== Segment start ==
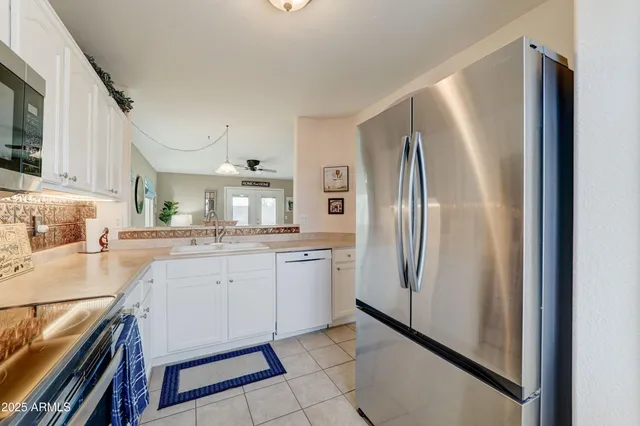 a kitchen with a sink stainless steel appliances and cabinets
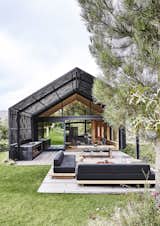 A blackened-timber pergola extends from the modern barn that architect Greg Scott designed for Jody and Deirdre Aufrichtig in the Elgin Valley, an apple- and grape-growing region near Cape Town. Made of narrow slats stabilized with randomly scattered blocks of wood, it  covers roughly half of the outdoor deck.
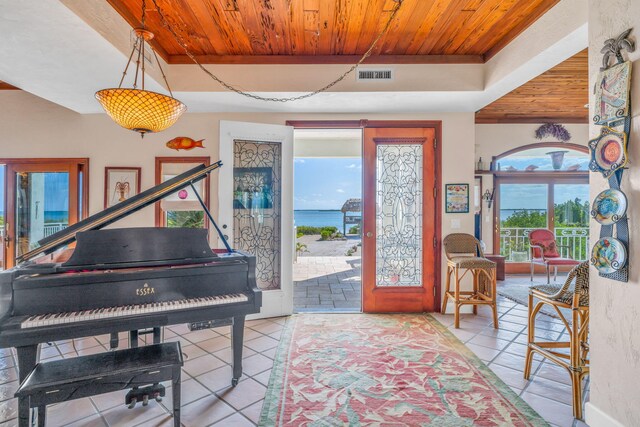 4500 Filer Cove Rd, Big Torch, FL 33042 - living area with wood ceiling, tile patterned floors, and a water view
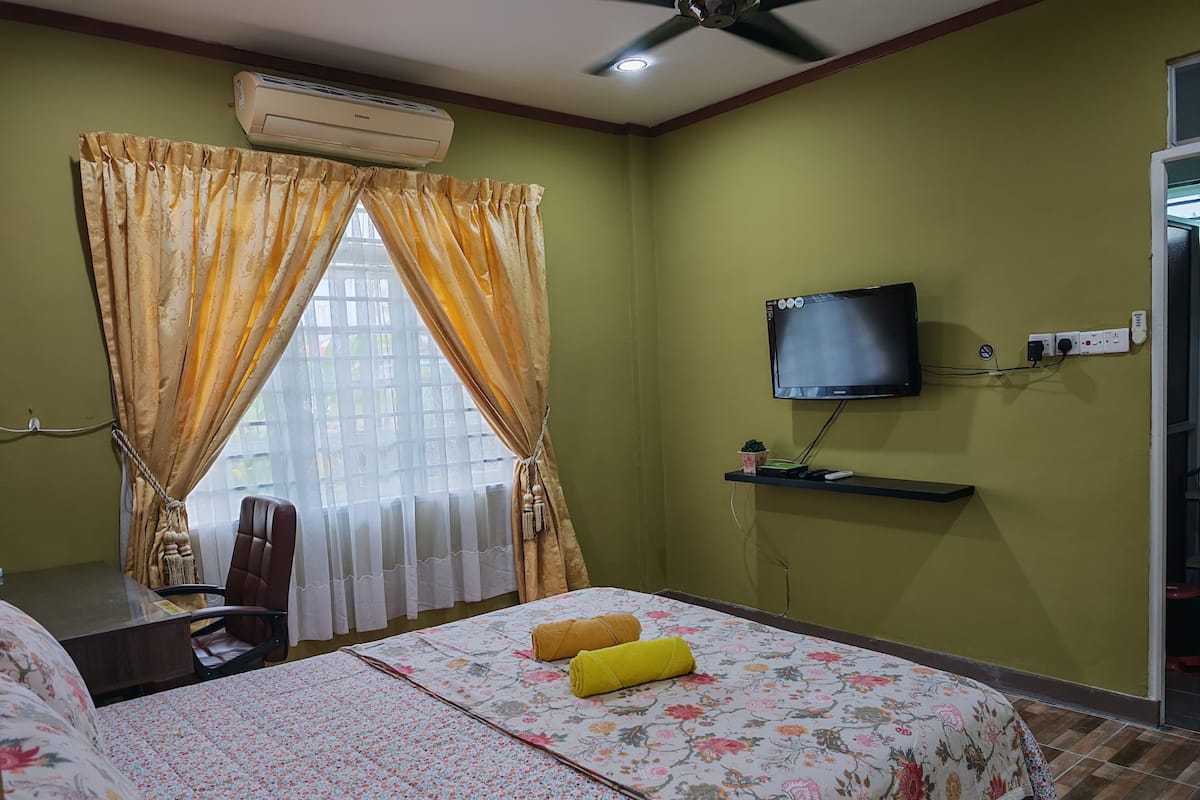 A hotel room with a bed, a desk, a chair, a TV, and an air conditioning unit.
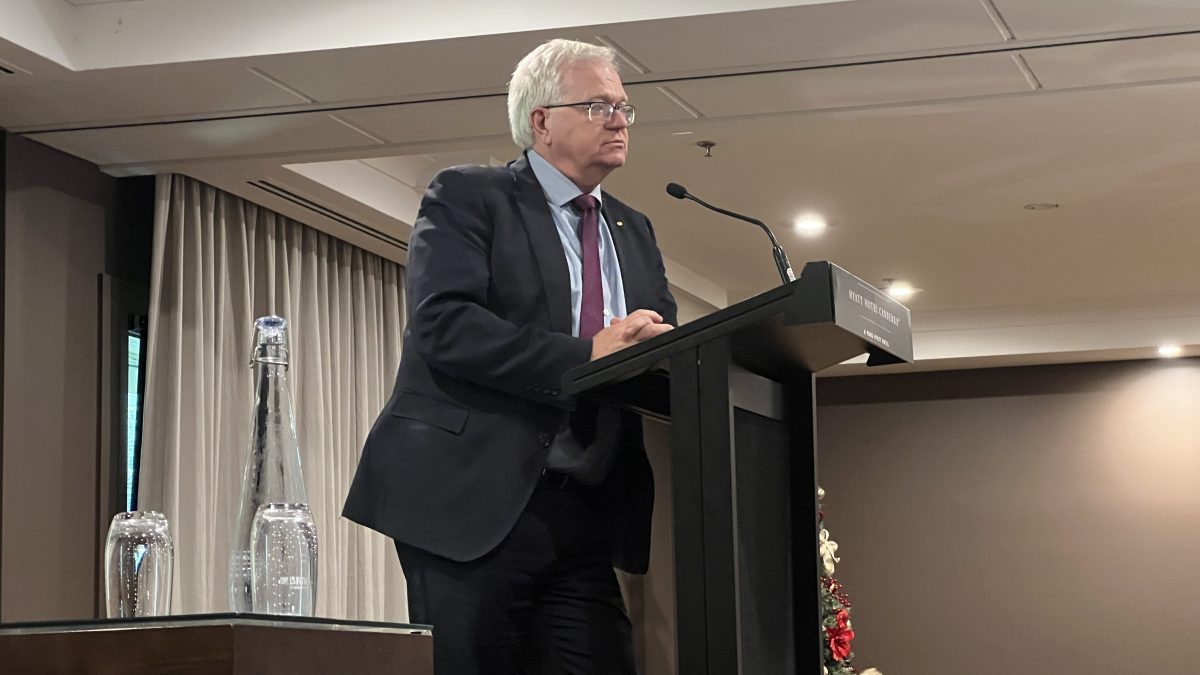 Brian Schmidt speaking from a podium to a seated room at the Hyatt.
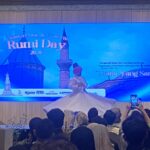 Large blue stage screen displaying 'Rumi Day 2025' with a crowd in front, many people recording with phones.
== Segment end ==
[Problem description]
Output, exactly and without pictures, the lines above that run from the one containing "A hotel room" through the last line of the entries, inclusive.

[Exercise result]
 A hotel room with a bed, a desk, a chair, a TV, and an air conditioning unit.
 Brian Schmidt speaking from a podium to a seated room at the Hyatt.
 Large blue stage screen displaying 'Rumi Day 2025' with a crowd in front, many people recording with phones.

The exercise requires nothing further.